→ **Task description**
Skip all pictures, then copy the lines from the start of the data through the line with "You can order", keeping both ends.

→ **Source information**
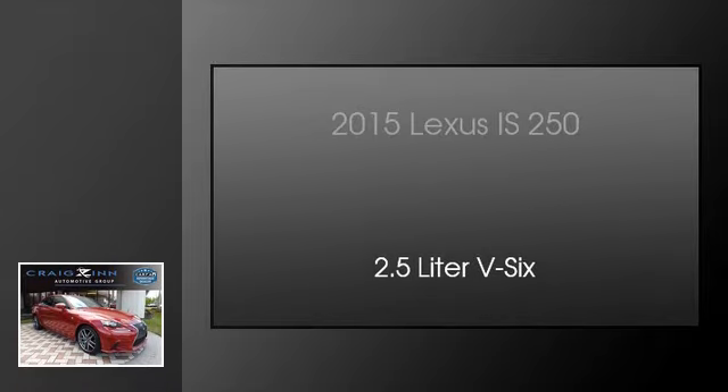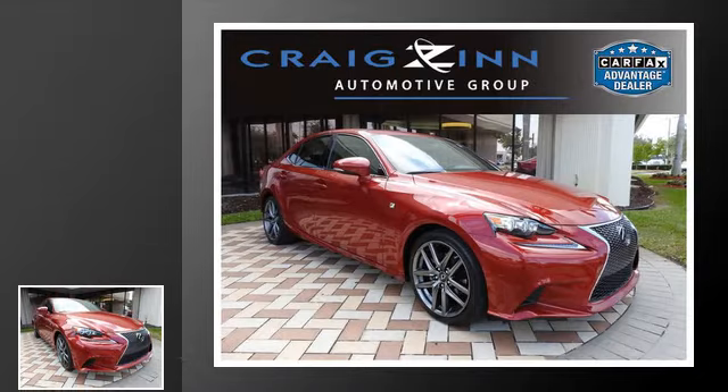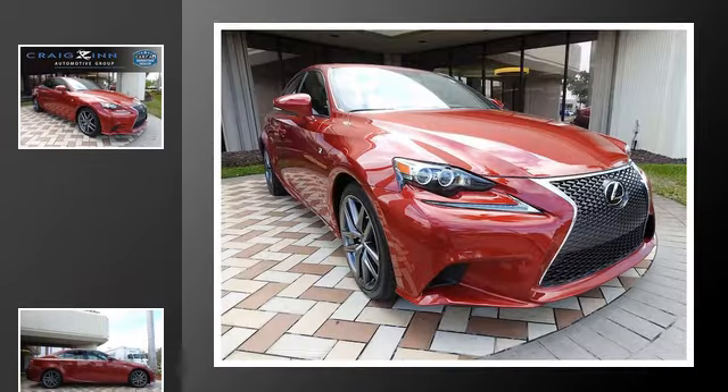This is a 2015 Lexus IS 250. This car has a 6-speed automatic transmission and a 2.5-liter V6.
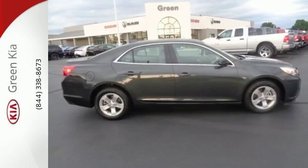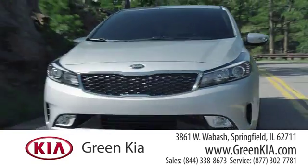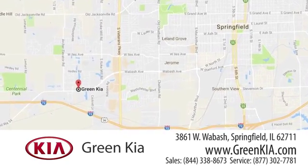Take it for a test ride today. At Green Kia, we take pride in our years of dedication to principle and doing business the right way. We're located at 3861 West Wabash in Springfield, Illinois.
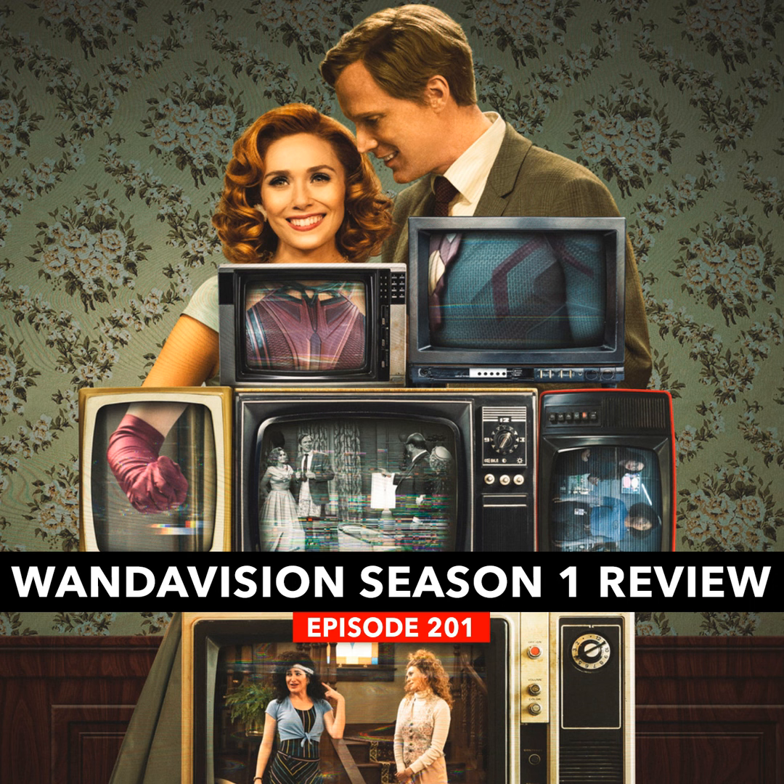Welcome to the Sneaker History Podcast! Welcome to another episode of the Sneaker History Podcast — episode number 201.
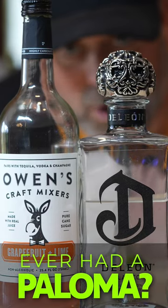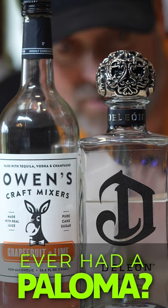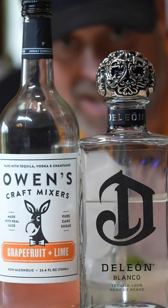Have you ever had a Paloma? If you've had a Paloma, then you know it is a delicious tequila cocktail beverage with grapefruit juice, lime, and tequila. And it is awesome.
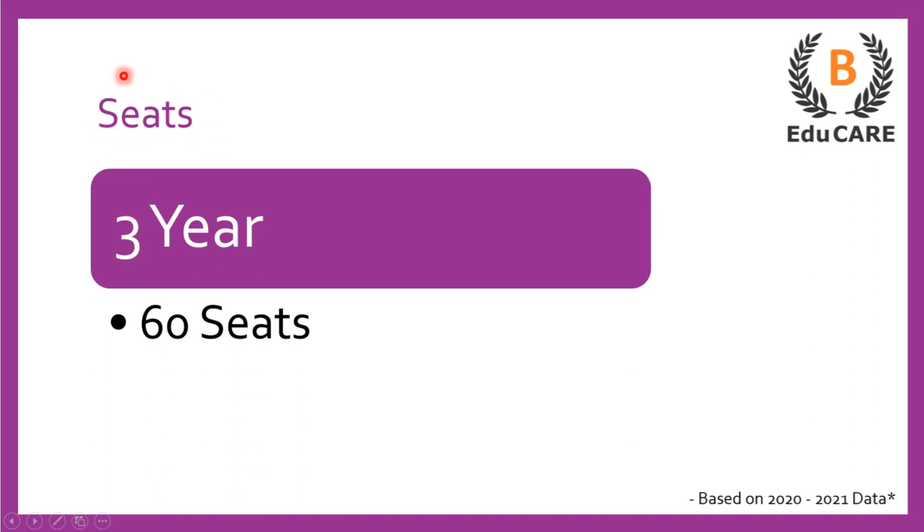Now talking about the number of seats available in this college — for the 3-year LLB program, this college offers 60 seats.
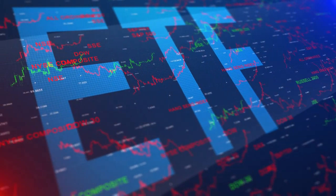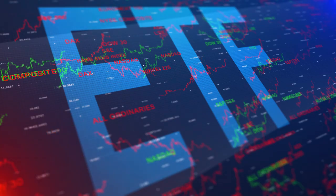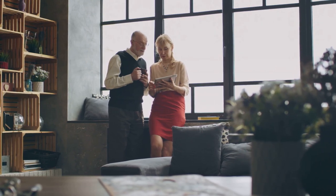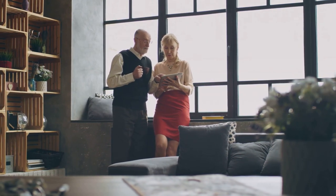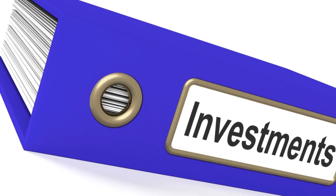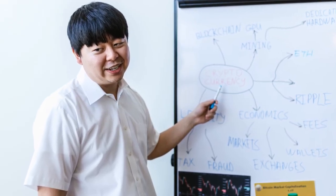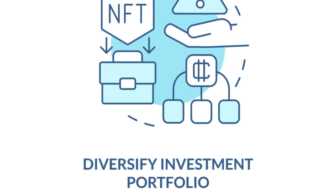It's also worth noting that high-dividend yields could be a sign that a company is in financial distress, so it's crucial to do your research or consult with a financial advisor before investing. In terms of who might find these funds suitable, it's generally those looking for income generation who are comfortable with a moderate level of risk — this could include retirees, near-retirees, or those looking for a relatively stable and predictable income stream. High-yield dividend index funds can provide a steady income stream through dividends, but they come with their own set of risks. They are not for everyone, but for some they can be a beneficial part of a well-rounded investment portfolio.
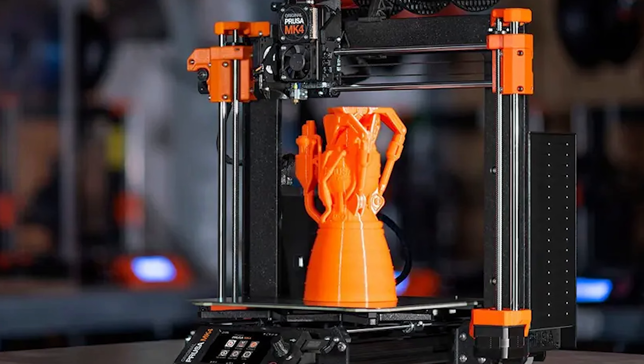You can order the fully assembled printer now, or wait a few weeks to get the kit. I'll talk to the boss man and see if we can get one of these printers in here. Please?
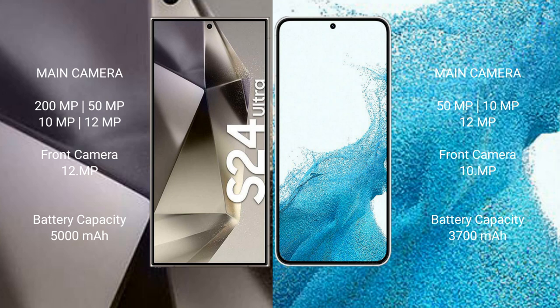The Samsung Galaxy S22 has a 3700mAh battery with 25W fast charging support.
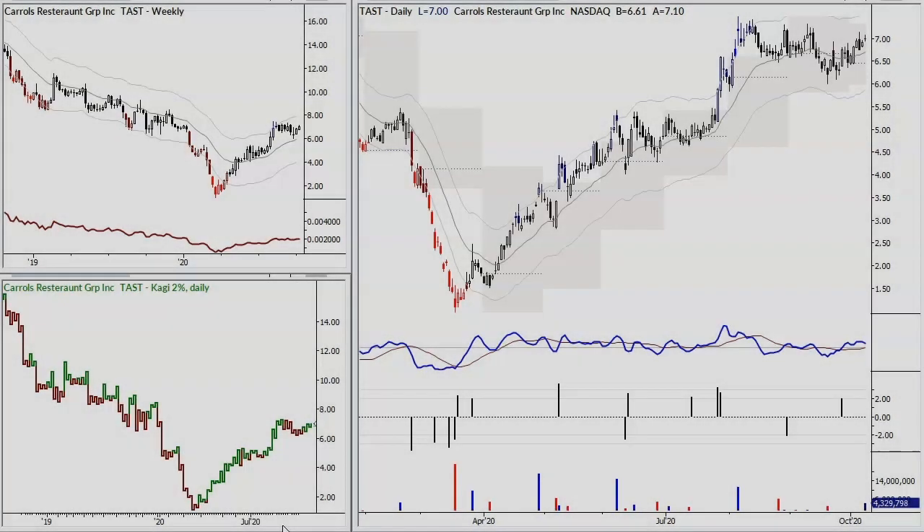Hello, I'm Adam from MarketLife and welcome to the video for October 9th, 2020. We're looking at a long setup in TAST, Carroll's Restaurant Group, ticker is TAST, and you can see what we're really trading here is this bull flag on the weekly.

→ **Response area**
This is a 2015 Lexus IS 250. This car has a 6-speed automatic transmission and a 2.5-liter V6.
Take it for a test ride today. At Green Kia, we take pride in our years of dedication to principle and doing business the right way. We're located at 3861 West Wabash in Springfield, Illinois.
Welcome to the Sneaker History Podcast! Welcome to another episode of the Sneaker History Podcast — episode number 201.
Have you ever had a Paloma? If you've had a Paloma, then you know it is a delicious tequila cocktail beverage with grapefruit juice, lime, and tequila. And it is awesome.
Now talking about the number of seats available in this college — for the 3-year LLB program, this college offers 60 seats.
It's also worth noting that high-dividend yields could be a sign that a company is in financial distress, so it's crucial to do your research or consult with a financial advisor before investing. In terms of who might find these funds suitable, it's generally those looking for income generation who are comfortable with a moderate level of risk — this could include retirees, near-retirees, or those looking for a relatively stable and predictable income stream. High-yield dividend index funds can provide a steady income stream through dividends, but they come with their own set of risks. They are not for everyone, but for some they can be a beneficial part of a well-rounded investment portfolio.
You can order the fully assembled printer now, or wait a few weeks to get the kit. I'll talk to the boss man and see if we can get one of these printers in here. Please?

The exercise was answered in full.